4.2 Control locations
The location of primary controls shall be within the minimum operator space envelope as given
in ISO 3411. Primary and secondary controls should also take into account the guidelines given in
ISO 6682.
4.3 Distance between controls
The distance between adjacent controls and between controls and other machine parts shall be
sufficient to allow operation without unintentional activation of adjacent controls. The overlapping of
controls is permissible to provide independent and simultaneous control application.
4.3.1 The minimum distance between finger-, hand- and foot-operated controls, or between these
types of controls and other machine parts, shall be in accordance with Table 1:
Table 1 — Distance between controls
Type of control Minimum distance between two adjacent controls
Finger­operated controls 23 mm, without divider (distance between centre line of adjacent controls)
18 mm, with divider (distance between centre line of adjacent controls)
For keys located on a touch screen or buttons on a lever: 14 mm (distance
between centre line of adjacent controls)
Hand­operated controls 40 mm (clearance between two adjacent controls)
4 © ISO 2018 – All rights reserved

Table 1 (continued)
Type of control Minimum distance between two adjacent controls
Foot­operated controls For pedals not intended to be used simultaneously:
50 mm (clearance between two adjacent controls) for controls intended
to be operated with separate feet or same foot but different heel points.
30 mm (clearance between two adjacent controls) for controls intended
to be operated with the same foot and from the same heel position (e.g.
accelerator pedal and brake pedal). These controls shall not be parallel
to each other.
Exception: adjacent controls may be parallel to each other provided there
is a minimum 30 mm distance between the planes of the operating sur­
faces. These types of controls are not intended to be used simultaneously.
Type of control Maximum distance between two adjacent controls:
Foot­operated controls For pedals intended to be used simultaneously:
Maximum 30 mm (clearance between two adjacent controls) for controls
intended to be operated with the same foot and from the same heel position
and the controls (e.g. the throttle controls on a self­propelled scraper with
two separate engines). The pedals may be parallel.
4.3.2 If two adjacent finger- or hand-operated controls are intended to be used simultaneously, a
smaller distance is acceptable.
4.4 Measures against movement or damage by external forces
Controls, control linkage and their power supply shall be arranged such that they cannot be damaged
or moved into an undesirable position by foreseeable external forces, e.g. hand or foot force or shaking
(vibration) of the machine.
4.5 Pedals
The surface of pedals shall be slip­resistant.
5 Movement of controls
5.1 General
The type, location and method of operation of typical primary controls are specified in Annex A for base
machine movements, in Annex B for equipment movements and in Annex C for attachment movements.

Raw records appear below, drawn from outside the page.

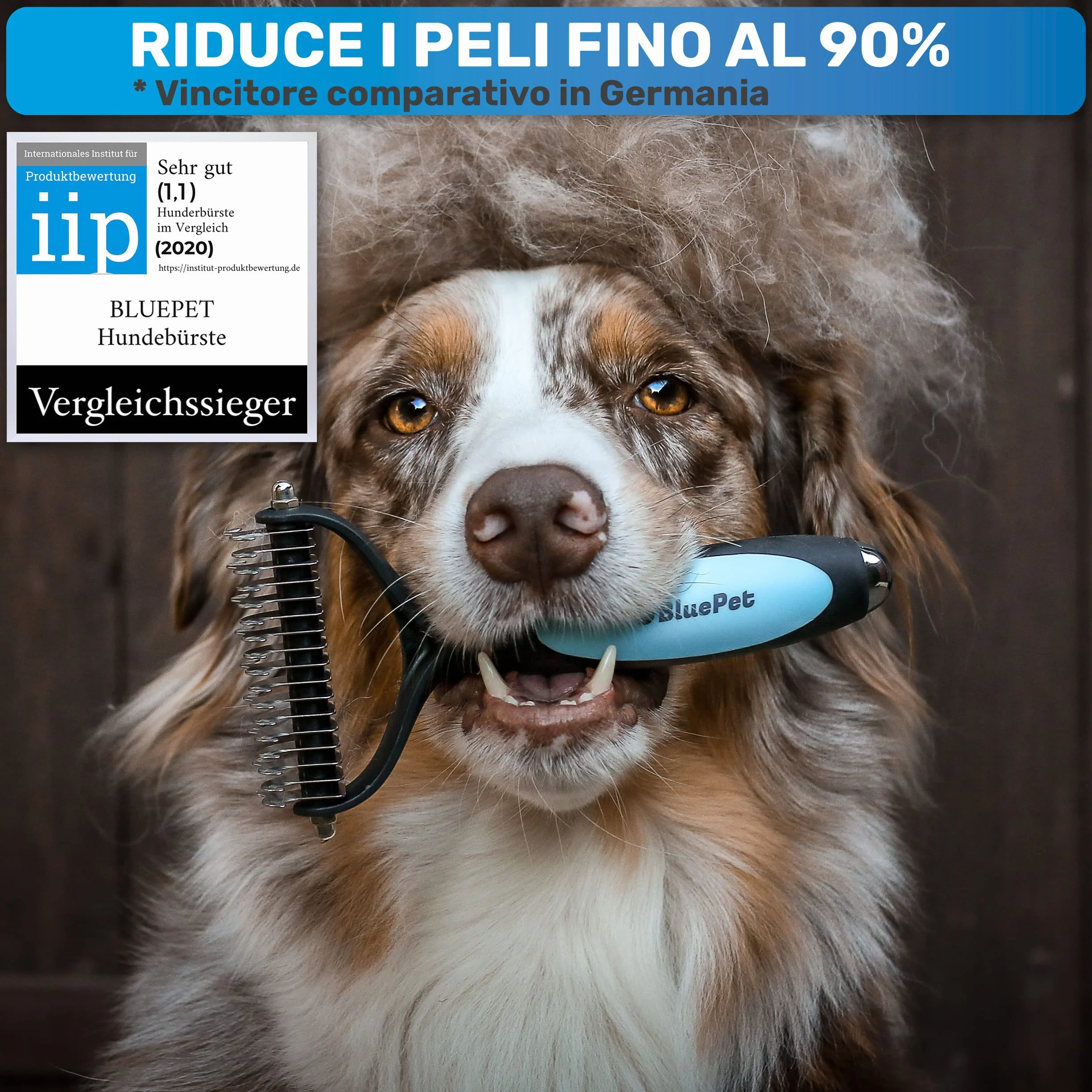 BluePet Spazzola per Cani e Gatto a Pelo Lungo e Medio, Pettine Cardatore Sottopelo Doppia Faccia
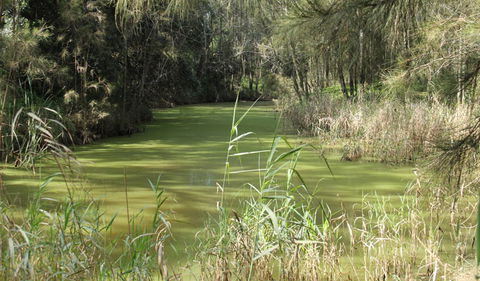Second Ponds Creek Walk - Accommodation Port Macquarie 0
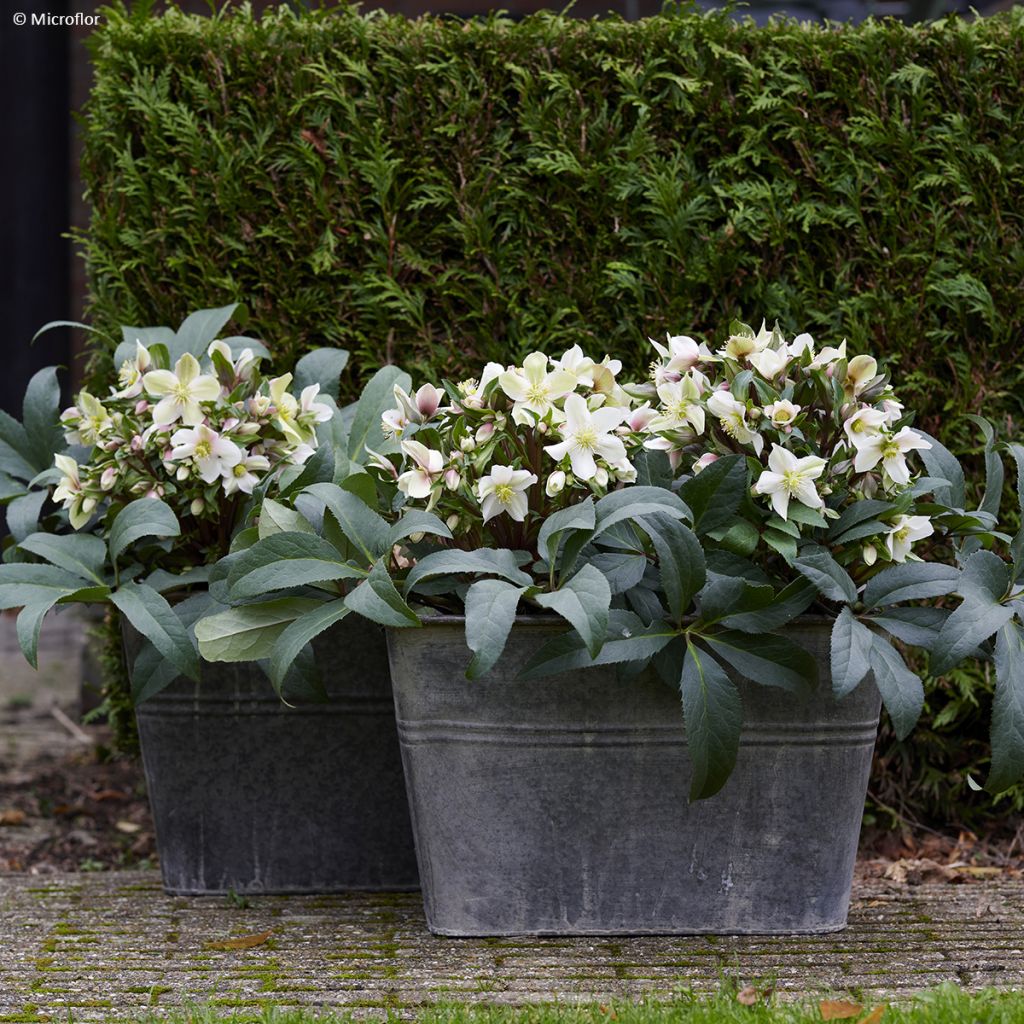Helleborus ViV Wanda - Elleboro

Specific requirements for graders are found in Annex D. Specific requirements for dozers are found in
Annex E. Primary controls for equipment not otherwise specified should follow the same principles
as given by Annex B. Primary controls for attachment not otherwise specified should follow the same
principles as given by Annex C.
5.1.1 The movement of the controls in relation to their neutral position shall be in the same general
direction as the machine response, unless the combining of controls or customary usage dictates
otherwise (e.g. driving control of machines where the operator’s position is located on the part of the
machine that can swing, such as the upper structure of an excavator).
5.1.2 If a machine is equipped with an alternative operator's position with duplicated control
arrangements, then both sets of controls shall operate in the same manner. When one set of controls is
active, the other set shall be inactive. The active set shall be clearly identified with a visual indicator. An
exception would be for mechanically connected dual controls (e.g. duplicate steering wheels, duplicated
propulsion controls) where all controls are continuously active.

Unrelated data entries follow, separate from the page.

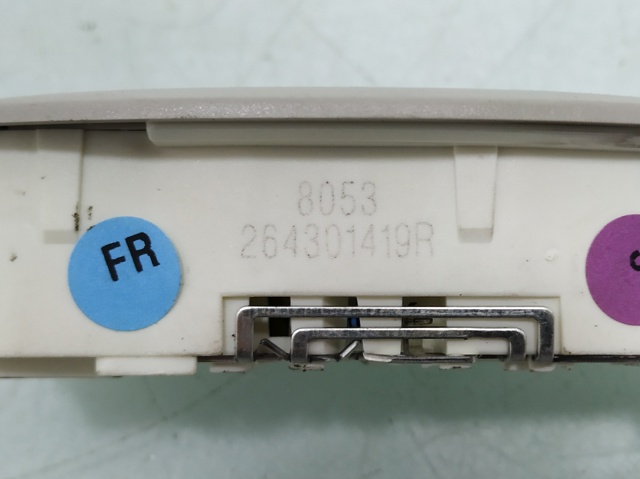 RENAULT 264301419R Плафон салона в наличии Днепр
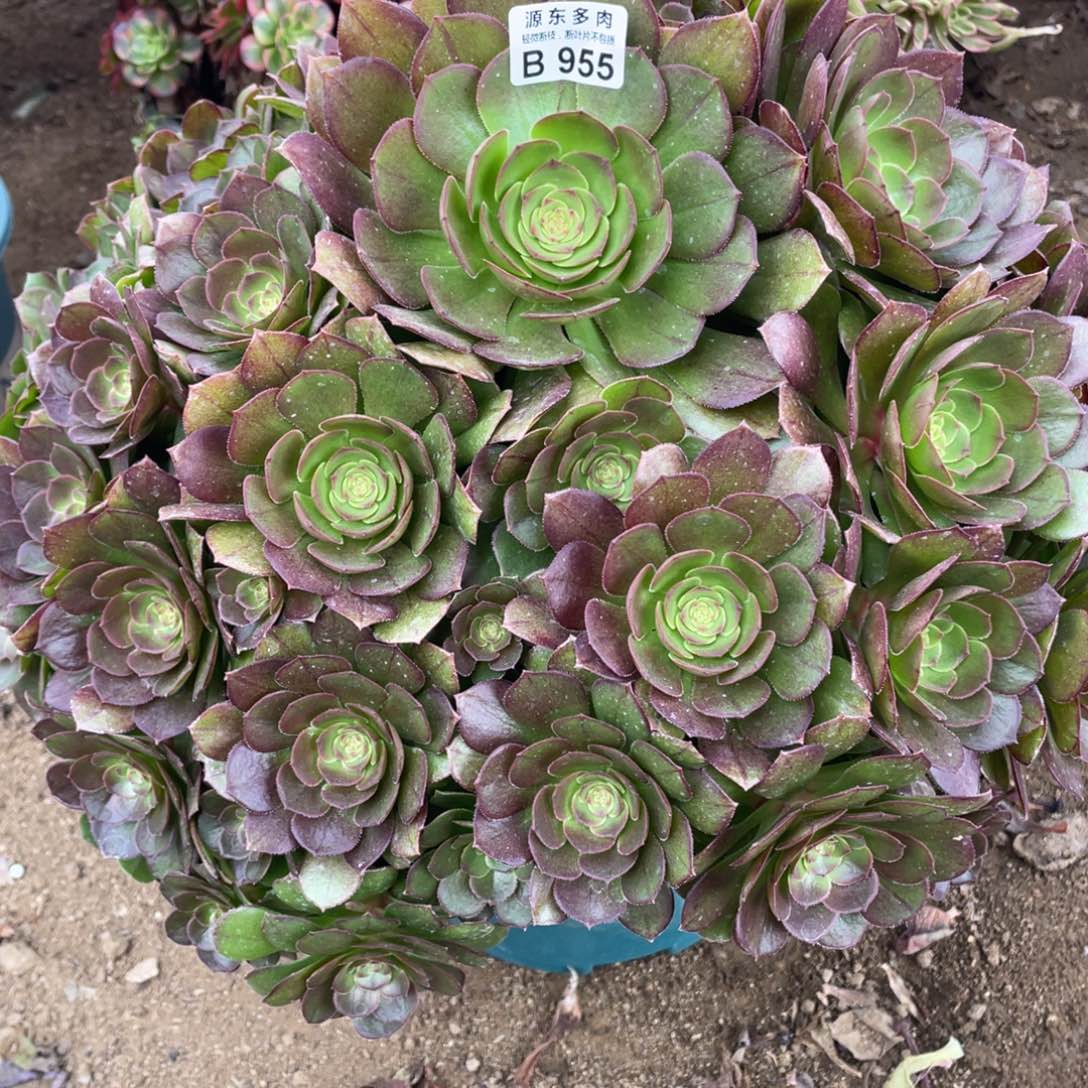 955沙拉碗多肉法师断枝不包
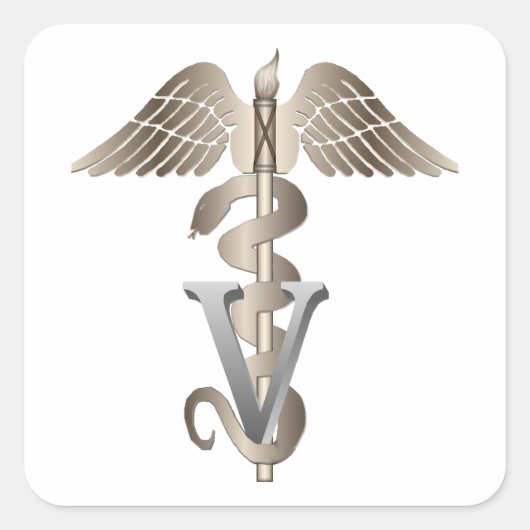 Veterinarian Caduceus Vierkante Sticker (Voorkant)
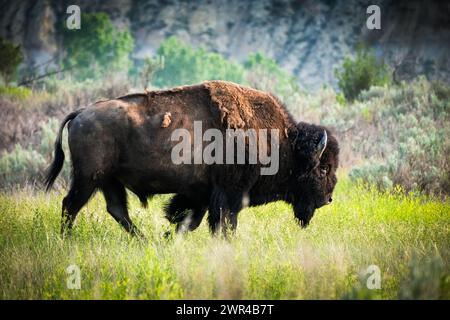 Buffalo (American Bison) im Theodore Roosevelt National Park in North Dakota, USA. In der Nähe von Medora, ND. Stockfoto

5.1.3 All controls shall return to their neutral position when the operator releases the control, unless
the control has a detent or hold position or continuously activated position.

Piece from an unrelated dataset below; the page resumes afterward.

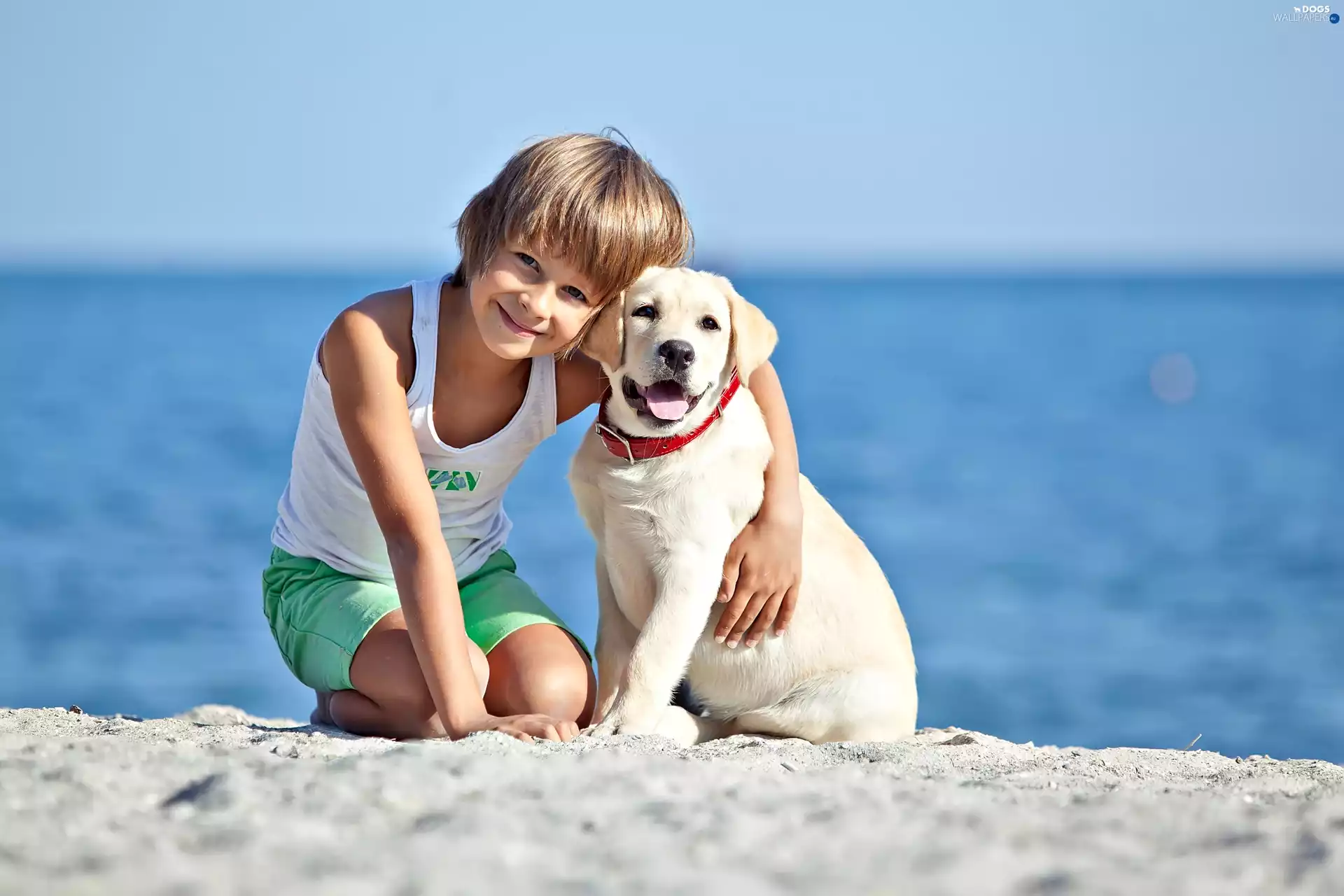 boy, doggy, Beaches, happy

5.1.4 For foot­operated controls where the pedal is operated in two directions, e.g. downward motion
of the front of the pedal and downward motion of the rear of the pedal, the pedal shall pivot under the
operator’s foot and shall remain at rest in the neutral position.
5.1.5 The controls shall be so arranged or deactivated or guarded that they cannot be activated
unintentionally — in particular e.g. when the operator is getting into or out of the operator’s station
according to the manufacturer’s instructions.
5.1.6 The controls shall be arranged so as not to create a tripping hazard when the operator is getting
into or out of the operator’s station according to the manufacturer’s instructions.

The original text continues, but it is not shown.